COLUMBUS – Ohio Secretary of State Jon Husted today announced 10,876 new entities filed to do business in Ohio last month, an increase of 1,626 when compared to October 2017.
Ohio is on track for 2018 to be another record-breaking year for new business filings. Since January, the Buckeye State has seen 107,375 new businesses file, up 7,386 from the same ten-month period last year.
Ohio finished 2017 with 117,429 new businesses registering with the Secretary of State’s office, surpassing the previous record of 105,009 that was set in 2016. Last year also marked the eighth consecutive year the state has seen a record number of new business filings. In all, Ohio has seen a rise of 46.3 percent in filings from 2010 to 2017.
From the time Ohio Business Central was launched until the end of September 2018, the Secretary of State’s Office has processed 468,410 online filings. Today 80 percent of all new businesses are started online through Ohio Business Central, which launched in 2013. In August 2017, Secretary Husted announced that 100 percent of all filings needed to start or maintain a business in Ohio may now be submitted online.
October 2018 marked 36 months since Secretary Husted reduced the cost of starting and maintaining a business in the Buckeye State by 21 percent. This change has saved Ohio businesses over $8 million to date.
Secretary Husted’s efforts to cut costs don’t stop there. In fact, he requested a 100 percent cut in the amount of tax dollars needed to run his office, which was approved as part of the state’s budget. Husted’s request is saving taxpayers nearly $5 million over fiscal years 2018 and 2019. Secretary Husted was able to do this because of his wise financial stewardship. During his first term, he reduced spending by $14.5 million, a 16 percent reduction when compared to the previous administration. Secretary Husted is also operating his office with roughly 42 percent fewer staff and payroll costs at the Secretary of State’s Office are at the lowest level in 11 years.

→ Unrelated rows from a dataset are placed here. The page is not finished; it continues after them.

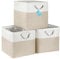 OrganiHaus 33x33 Cube Storage Bins Set of 3, Fabric Cube Baskets for Storage Shelves, Foldable Storage Cubes for Kallax Organizer Cube Bins w Rope Handles, Cubby Bins for Nursery Decor -Beige/White
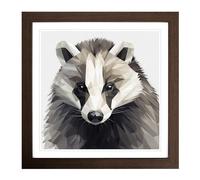 Badger Geometric No.1 Framed Print | 18x18 Inch Walnut Framed Wall Art | Ready to Hang | Modern Fantasy Picture | Living Room Bedroom Lounge Office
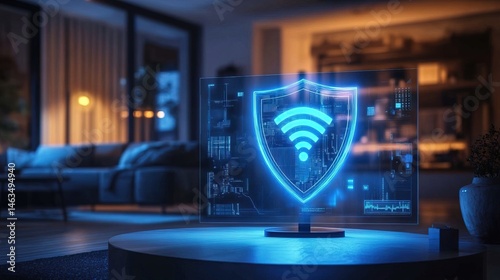 A shield-shaped holographic firewall protecting a home WiFi network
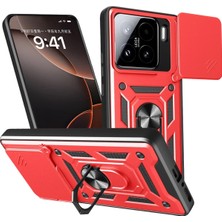 Yazline Global Mey Ithalat®   Mi 15 Kılıf Pars Lens Yüzüklü Silikon - Kırmızı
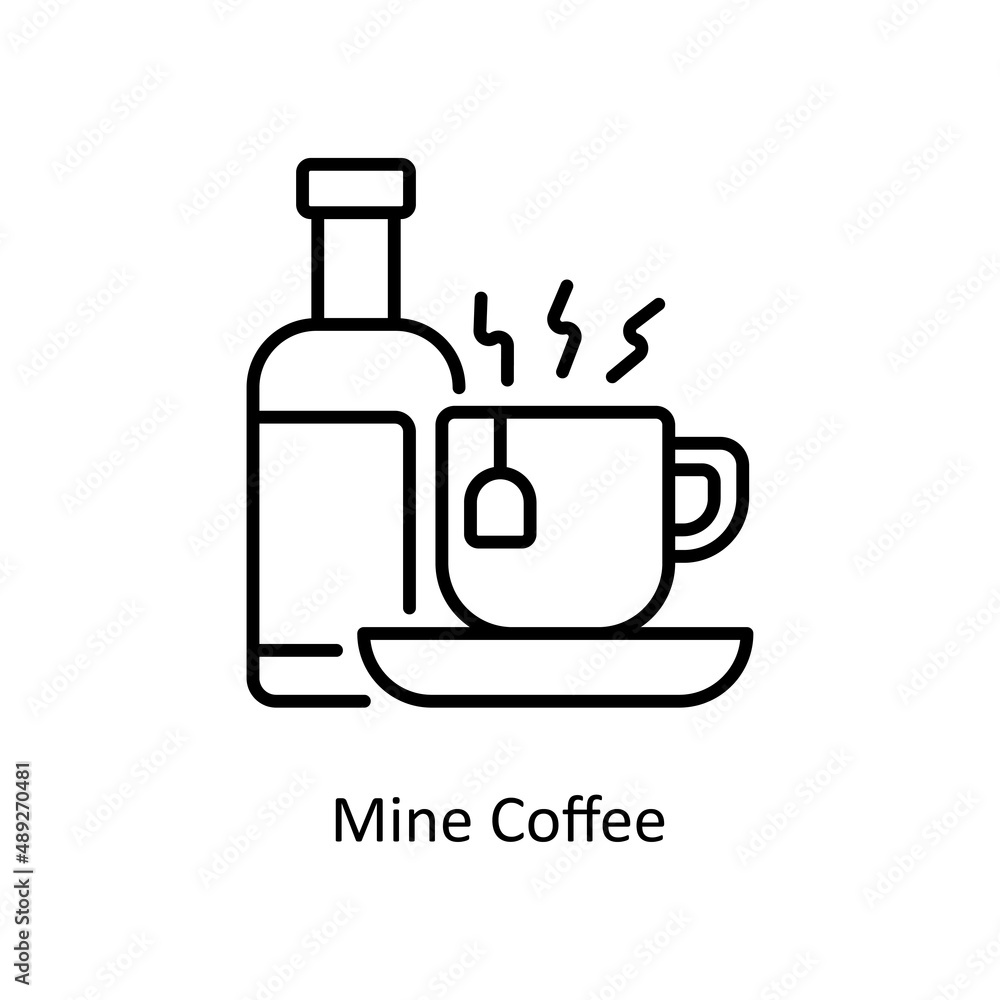 Poster mine coffee vector outline icon for web isolated on white background eps 10 file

Though the most visible role of the Secretary of State is that of chief elections officer, the office is also the first stop for individuals or companies who want to file and start a business in Ohio. While recognizing these numbers can’t provide a complete picture of Ohio’s jobs climate, they are an important indicator of economic activity that Secretary Husted hopes will add to the ongoing discussion of how to improve the state’s overall climate for business.